Was für ein aberwitzig witziges Buch. Die Autorin lässt ihrer überbordenden Fantasie freien Lauf und heraus kommt ein gelungener Roman um einen seit 200 Jahren in der Zwischenwelt festsitzenden armen Tropf.

Dieser arme Kerl heißt Walter Augustus und er hängt so lange in dieser Zwischenwelt fest, so lange sich auf der Erde noch irgendjemand an ihn erinnert. Nun hat er Aussicht auf Aufstieg ins Jenseits, denn die letzte Nachfahrin seiner Familie liegt im Sterben und Walter hat die große Hoffnung, dass sich danach niemand mehr an ihn erinnern wird. Doch er hat sich zu früh gefreut. Denn Walter, seinerzeit Hufschmied von Beruf, hat zu Lebzeiten Gedichte verfasst, die ein wohlmeinender Adliger heimlich drucken ließ. Aufgrund eines, nennen wir es Unfalls, bleibt von diesen Bänden nur ein einziger erhalten. Und dieses Exemplar gelangt nun in unserer Zeit in die Hände von Letty, einer schüchternen, etwas übergewichtigen Schuhverkäuferin und Hobbybäckerin mit einem zu großen Hang zu Süßigkeiten. Also muss Walter nun alles daransetzen, dieses letzte Exemplar seiner Gedichte zu vernichten und die Erinnerung an seinen Namen aus Lettys Gedächtnis zu löschen.
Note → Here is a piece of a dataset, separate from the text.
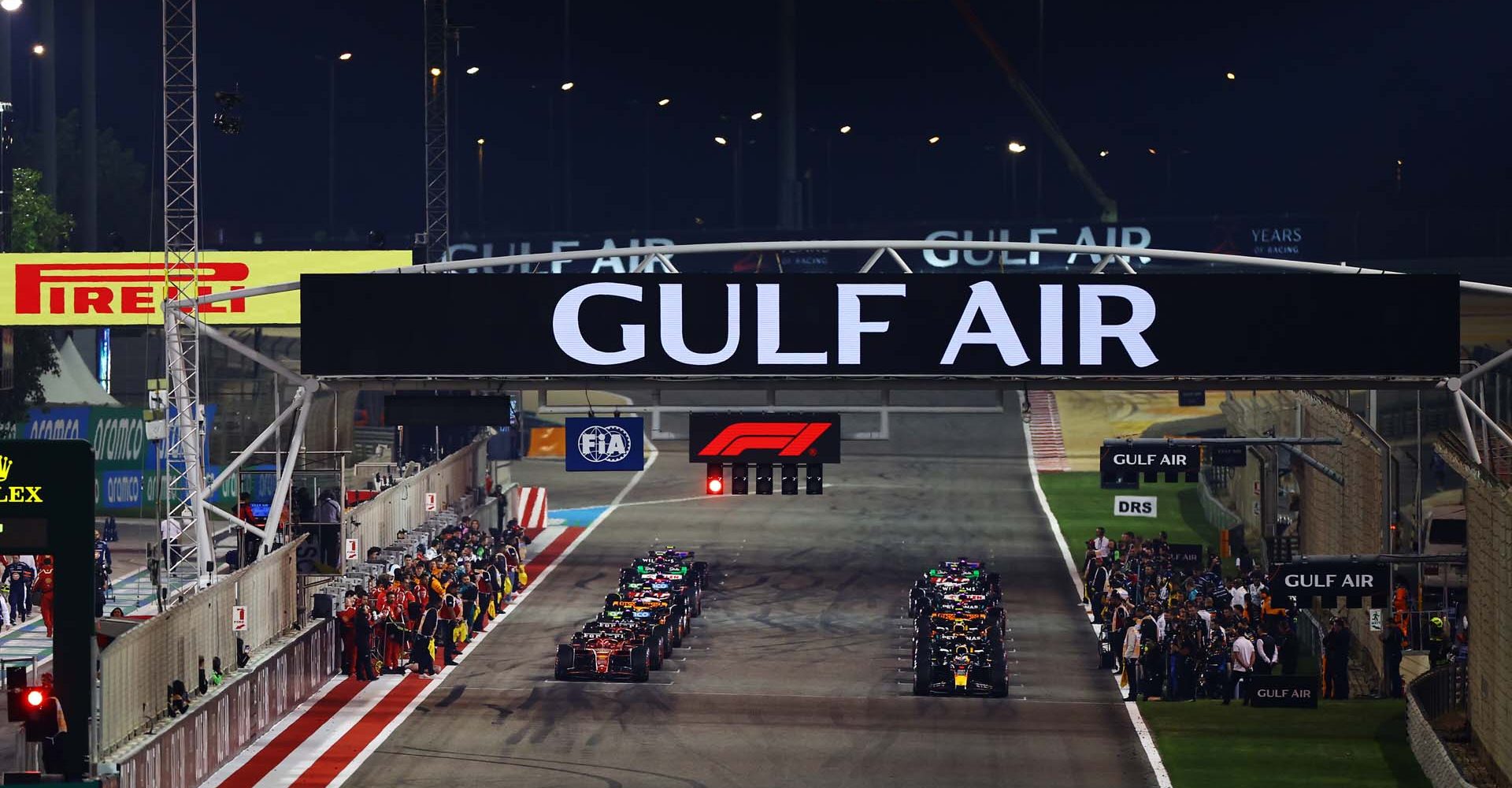 BAHRAIN, BAHRAIN - MARCH 02: Max Verstappen of the Netherlands driving the (1) Oracle Red Bull Racing RB20 and Charles Leclerc of Monaco driving the (16) Ferrari SF-24 prepare to leave the grid for the formation lap prior to the F1 Grand Prix of Bahrain at Bahrain International Circuit on March 02, 2024 in Bahrain, Bahrain. (Photo by Mark Thompson/Getty Images) // Getty Images / Red Bull Content Pool // SI202403020334 // Usage for editorial use only //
Unterstützung bekommt er dabei von dem ebenfalls in die Zwischenwelt zurückkatapultierten Pemberton, denn diesem war Walters Gedichtband gewidmet, sowie von Hector, einem reichlich sonderbaren Gesellen, der von wirren Ideen und absurden Ideen nur so sprudelt.
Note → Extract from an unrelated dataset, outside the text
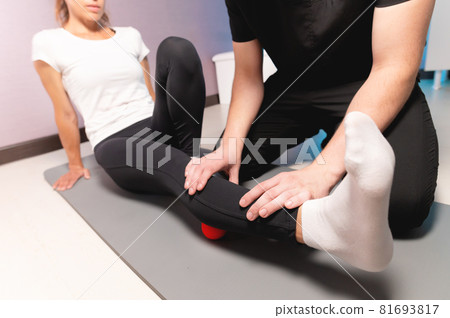 Physiotherapist teaches self-massage with red balls, patient with leg injury. Treatment of sports injuries. Practical use. Rehabilitation concept. Physiotherapist teaches self-massage with red balls, patient with leg injury. Treatment of sports injuries. Practical use. Rehabilitation concept. 81693817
Letty bekommt also nun „Besuch“ von Poltergeistern, Walter dringt in ihr Gedächtnis ein – „Besitzergreifung“ nennt man das in Zwischenwelt – und durchsucht dessen Räume nach sich selbst. Letty selbst hat aber noch ganz andere Probleme, allen voran ihre selbstsüchtige, narzisstische Schwester Victoria, die sich ständig von Letty und ihrem Mann Geld borgen möchte. Geld hätte Letty genug, nur hat sie davon ihrem Mann Donald nie etwas erzählt. Es gibt also reichlich Verwicklungen in diesem Roman, die die Handlung stets vorantreiben und das ganze Buch wunderbar unterhaltsam machen.
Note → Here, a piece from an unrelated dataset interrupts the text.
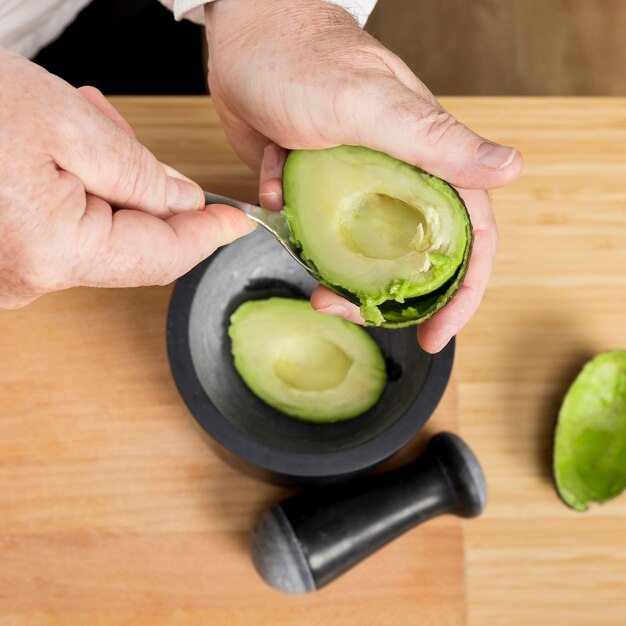 Close-up chef cleaning avocado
Hanny Lynn gelingen furiose Beschreibungen der Innenwelt von Lettys Hirn, dass sie wie einen riesigen Korridor darstellt. Oder auch der Zwischenwelt, die von den kuriosesten Figuren bevölkert wird. Natürlich ist das alles ein großer Blödsinn, aber einer, der diebisch viel Spaß macht. Die Figuren sind liebevoll und mit Augenzwinkern gezeichnet, legen die menschlichen Schwächen, aber auch die Stärken bloß. So ist der Roman auch durchaus ein Plädoyer für Liebe, Verständnis, Geduld und Vertrauen.

Dieses Buch kann ich all denen empfehlen, die sich gerne mal für ein paar Stunden in eine herrlich konstruierte Fantasiewelt begeben, die sich, wer weiß, vielleicht hinter unserer realen Welt versteckt…

Hannah Lynn: Wer will schon ewig leben.
Tinte & Feder, September 2020.
347 Seiten, Taschenbuch, 9,99 Euro.

Diese Rezension wurde verfasst von Renate Müller.